### TASK TO COMPLETE
Every record below, from first to last, should be copied exactly; leave the pictures out.
--------
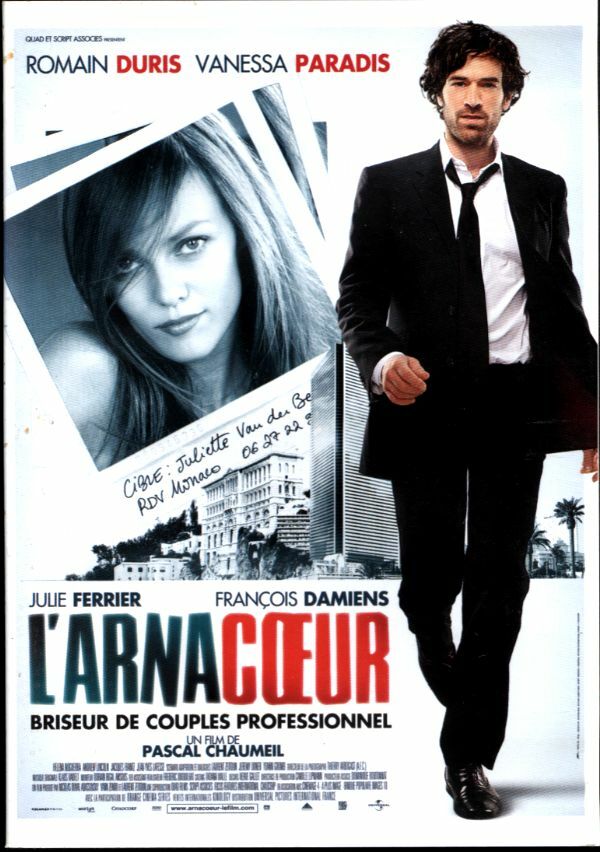 Livrenpoche : L'Arnacoeur-DVD - XXX - DVD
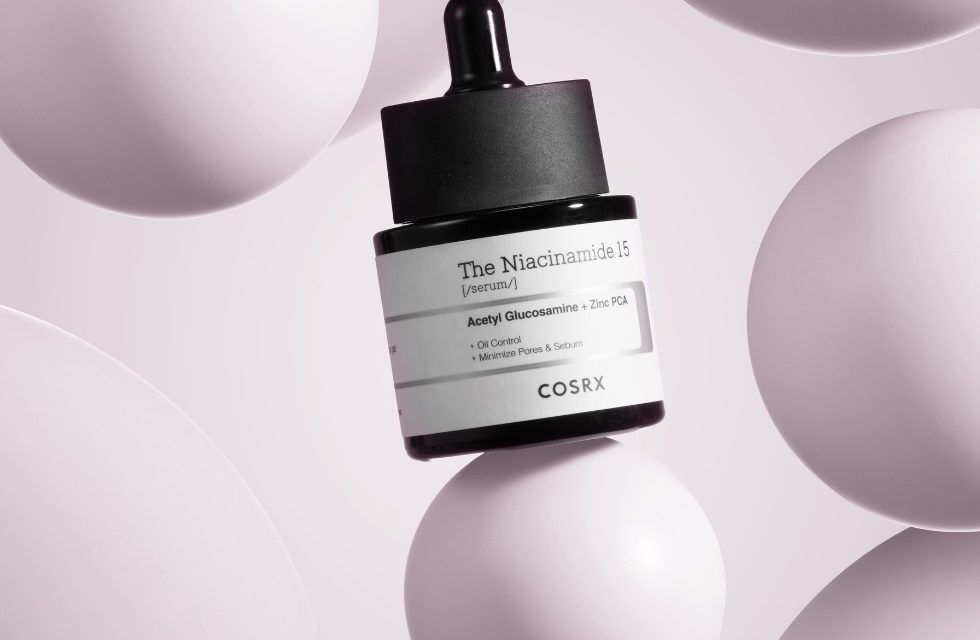 COSRX The Niacinamide 15 Serum Review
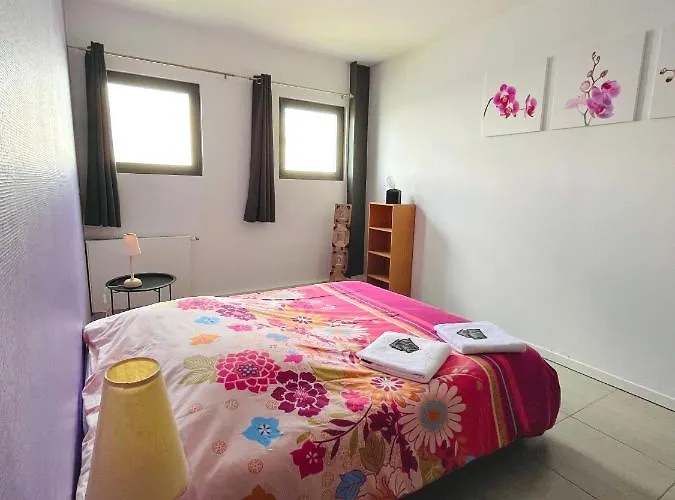Le Loft A Le Chatel Appartement Boissy-le-Chatel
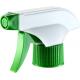 Leakproof Green Trigger Spray 28mm , Nonspill Trigger Head Spray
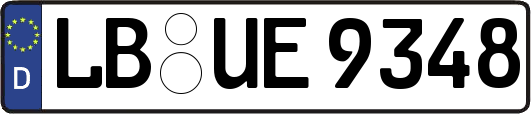 LB-UE9348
--------
### ANSWER BOX
 Livrenpoche : L'Arnacoeur-DVD - XXX - DVD
 COSRX The Niacinamide 15 Serum Review
Le Loft A Le Chatel Appartement Boissy-le-Chatel
 Leakproof Green Trigger Spray 28mm , Nonspill Trigger Head Spray
 LB-UE9348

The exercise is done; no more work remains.